Empirical Mode Decomposition for nonlinear and non-stationary signal analysis
Empirical Mode Decomposition (EMD) is a data-driven method for decomposing complex signals into simpler oscillatory components called Intrinsic Mode Functions (IMFs). Unlike Fourier analysis, EMD makes no assumptions about linearity or stationarity.
Application Domain: Cryptocurrency Returns Analysis
EMD decomposes a signal into nonlinear and non-stationary components that are extracted adaptively from the data itself. The result is a collection of Intrinsic Mode Functions (IMFs) plus a residual trend.
Signal Decomposition:
\[ X(t) = \sum_{k=1}^{K} \text{IMF}_k(t) + r(t) \]where \(\text{IMF}_k\) are the intrinsic mode functions and \(r(t)\) is the residual trend.
The decomposition is entirely data-dependent, not relying on predetermined basis functions.
Works for nonlinear systems where Fourier methods fail.
Handles time-varying frequency and amplitude naturally.
Each IMF captures oscillations at a characteristic time scale.
Traditional EMD uses envelope detection to identify the local mean:
The local mean is computed as the average of upper and lower envelopes connecting local maxima and minima.
For testing and validation, we use an amplitude-modulated, frequency-modulated (AM-FM) signal that exhibits both time-varying amplitude and instantaneous frequency.
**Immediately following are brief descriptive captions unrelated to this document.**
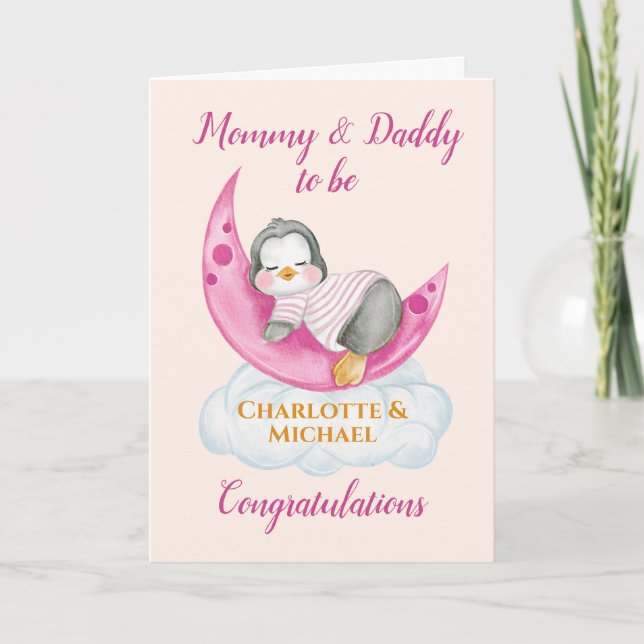 Expecting Parents Mommy & Daddy To Be Pink Card (Front)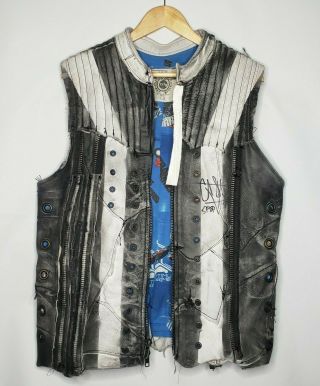 Custom Chris Kael Stage Worn,  Autographed Junker Designs Leather Vest 5fdp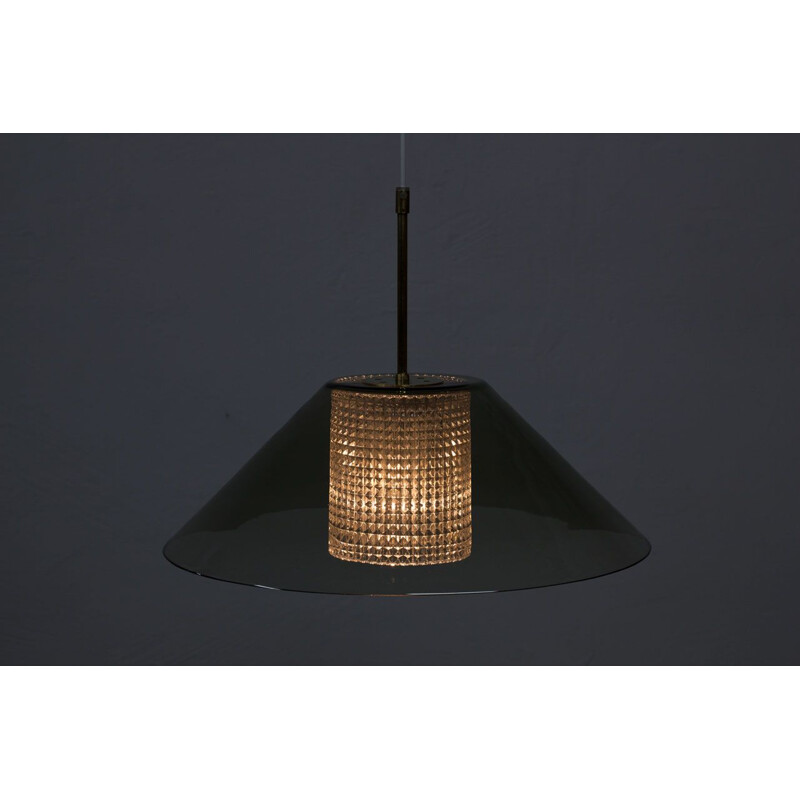 Vintage Swedish brass & glass pendant lamp by Carl Fagerlund for Orrefors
AM-FM signals are ideal test cases because they are non-stationary by construction, have known ground truth for validation, and appear naturally in many applications (speech, radar, biomedical signals, financial data).
Amplitude Modulation:
\[ A(x) = 1 + 0.5 \sin(4\pi x) \]The amplitude varies between 0.5 and 1.5 with period 0.5.
Phase Function:
\[ \phi(x) = 2\pi (6x + 12x^2) \]Quadratic phase creates a chirp (increasing frequency).
Instantaneous Frequency:
\[ f(x) = \frac{1}{2\pi}\frac{d\phi}{dx} = 6 + 24x \]Frequency increases linearly from 6 Hz at x=0 to 30 Hz at x=1.
Clean Signal:
\[ y_{\text{clean}}(x) = A(x) \sin(\phi(x)) = [1 + 0.5\sin(4\pi x)] \sin(2\pi(6x + 12x^2)) \]Noisy Signal:
\[ y(x) = y_{\text{clean}}(x) + \sigma \varepsilon(x), \quad \varepsilon \sim \mathcal{N}(0,1) \]We typically use \(\sigma = 0.2\) for examples.
| Property | Value | Description |
|---|---|---|
| Amplitude Range | [0.5, 1.5] | Modulated by low-frequency sinusoid |
| Frequency Range | [6, 30] Hz | Linear chirp (increasing frequency) |
| Noise Level | \(\sigma = 0.2\) | Moderate Gaussian noise |
| Domain | \(x \in [0, 1]\) | Normalized time interval |
We compare three methods for computing the local trend in the sifting process:
Kernel-weighted median using Epanechnikov kernel. Robust to outliers with 50% breakdown point.
Running median with efficient heap-based computation (Hardle & Steiger 1995).
Standard Nadaraya-Watson kernel regression. Not robust to outliers.
The Local Median approach combines the adaptivity of kernel smoothing with the robustness of the median, making it ideal for financial time series that often contain extreme values.